This repository has code that was developed to scrape footballdb.com to get the brands of the shoes that players wore in the 2022 World Cup. I predominantly used Beautiful Soup and Requests.
The first step was to scrape the shoe data from footballbootsdb after this I stored the player and brand in a pandas dataframe. To do this I went through the website and collected the specific tags I wanted to reference when scraping the website. After that I put all of these tags I wanted to explore into a function in which I use to scrape the brand and player information. After that I simply collect the scraped data in an empty list which is appended into an empty dataframe.

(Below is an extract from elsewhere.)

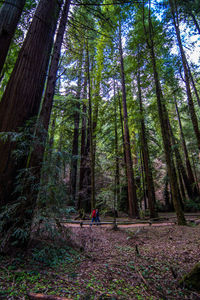 Trees in forest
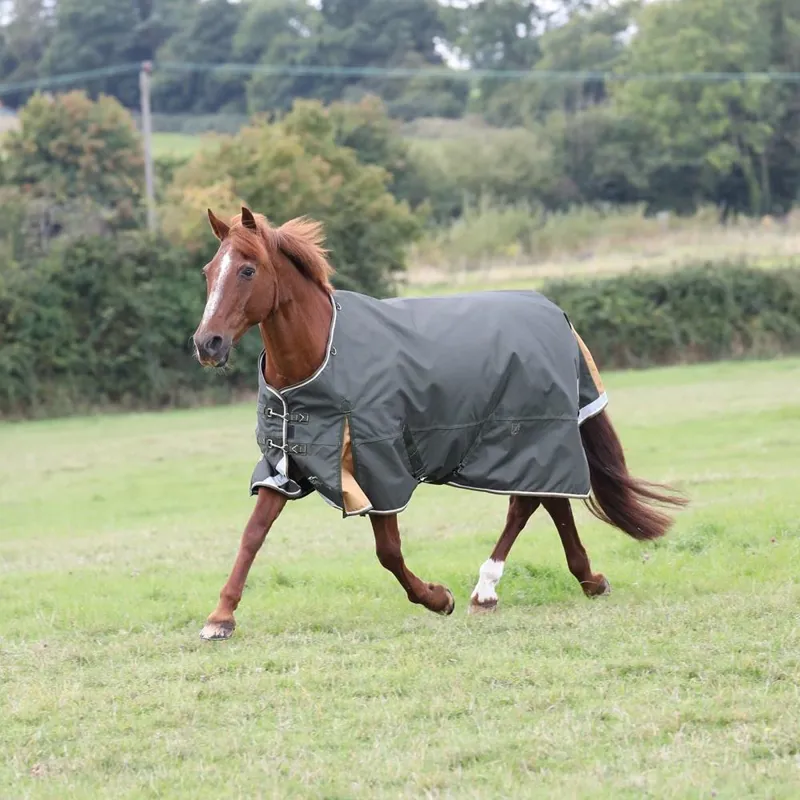 Shires Highlander Plus 50g Turnout Rug - GREEN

The second step was to scrape the team links from footballbootsdb. This step is important because the previous funciton in step one needs a url as an input to scrape footballbootsdb. By scraping all of the team links we can store them in a list which can later be used to call all of the players and brands in once call.
The third step is to call all of the players and brands through the function we created in the first part and input the urls we collected in our list in the second part. After this we combined this dataset with statisitcs from the world cup to get a complete picture of both brand and performance for each player.
The fourth step after having our finished csv is to analyze it and see if there are any trends. This step of analysis was done in Tableau as it also allowed us to have different visualizations.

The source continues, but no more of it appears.